Dans son introduction, Henri Soula rappelle à juste titre combien il est aujourd’hui difficile de retracer la carrière d’un pilote militaire ayant rejoint les lignes Latécoère – ou tout autre compagnie d’ailleurs ; on sait qu’un grande partie des archives de l’Aéronautique ont disparu dans la débâcle de 1940, et l’état de celles des premiers transporteurs n’est guère plus brillant, soit qu’elles ont aussi disparu, soit qu’elles sont dispersées dans des collections privées difficiles d’accès.

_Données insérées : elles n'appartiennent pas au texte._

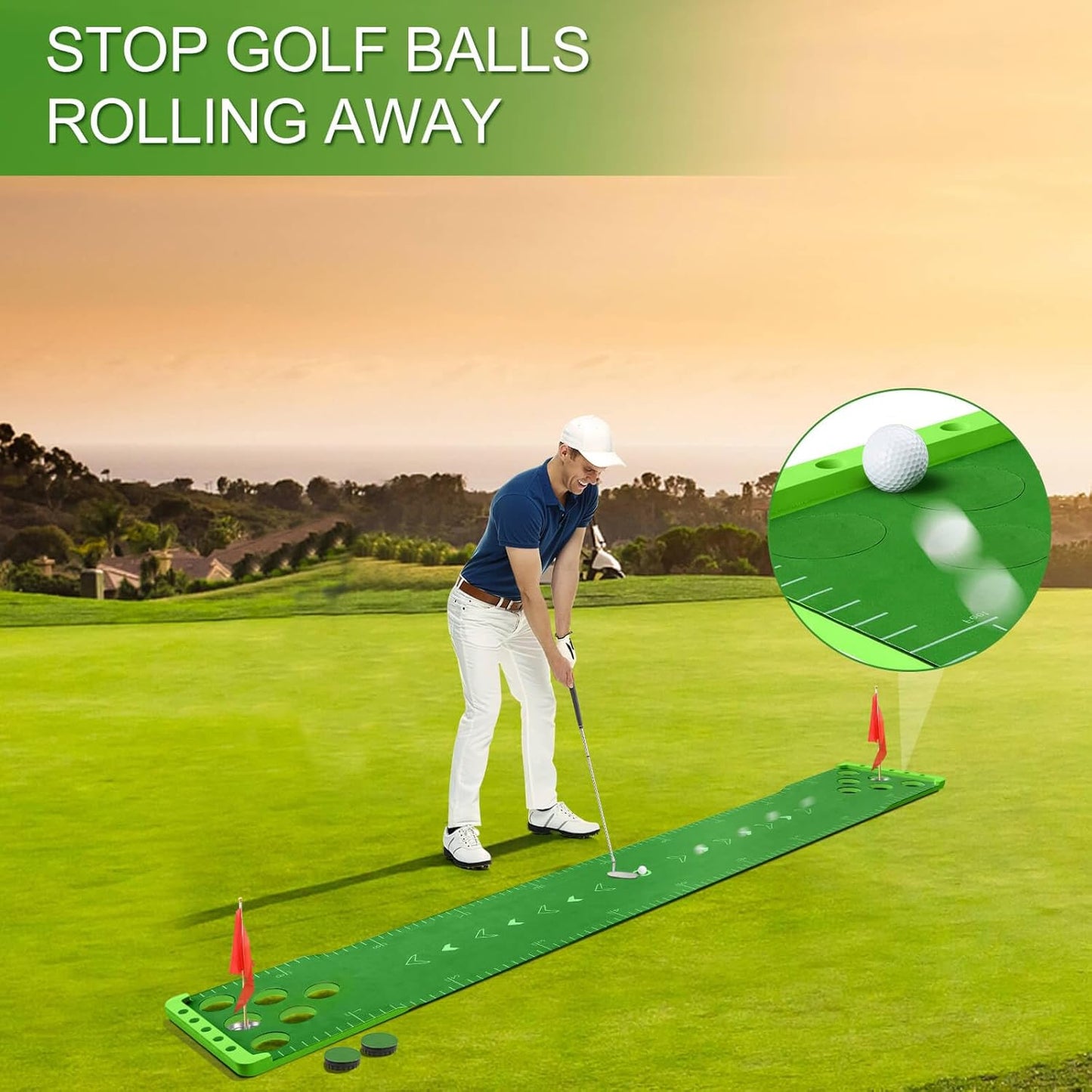 Golf Putting Game Set with Front Border for Indoor & Outdoor,Golf Putting Green Mat Include 4 Balls,1 Portable Bag,2 Flags&Cups,Practice Training Aid for Backyard,Party,Office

Les quelques carnets de vol et autres documents auxquels l’auteur a pu se référer n’apportant que peu d’informations, il n’est pas surprenant qu’il ait pris le parti de recourir à la bibliographie traditionnelle de l’aventure de la ligne vers l’Amérique du Sud, comme il l’avait déjà fait en 2004 dans un petit ouvrage consacré à Edmond Lassalle. Si ce dernier, à cause d’une carrière malheureusement stoppée brutalement en 1927, reste relativement anonyme, les allusions à Henri Rozès sont beaucoup plus fréquentes, une figure haute en couleurs que n’ont pas manqué de signaler les chroniqueurs de la Ligne, et qui va se révéler au fil des années une sorte d’intermédiaire entre l’intransigeant Didier Daurat et ses pilotes.

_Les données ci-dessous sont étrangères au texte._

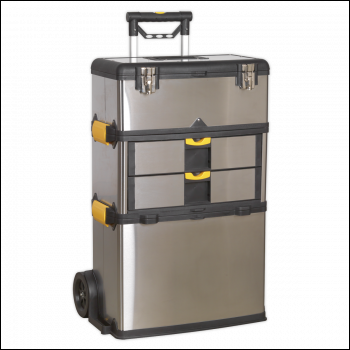 Sealey AP855 Mobile Stainless Steel/Composite Toolbox with 3 Compartments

Henri Soula a incontestablement parcouru un grand nombre d’ouvrages, et il parvient à retenir notre attention lorsque par exemple il se penche sur ce phénomène de mystique de la Ligne, mais on peut malheureusement craindre que son projet ait été par trop ambitieux au regard des la faible quantité de réelles informations concernant le pilote occitan. Ou alors, si le but de l’ouvrage était de brosser une vaste fresque de cette épopée, il eût été nécessaire de revenir bien davantage aux sources primaires au lieu de se contenter d’un patchwork de (très) larges passages puisés dans la bibliographie, où l’on peine parfois à retrouver Henri Rozès.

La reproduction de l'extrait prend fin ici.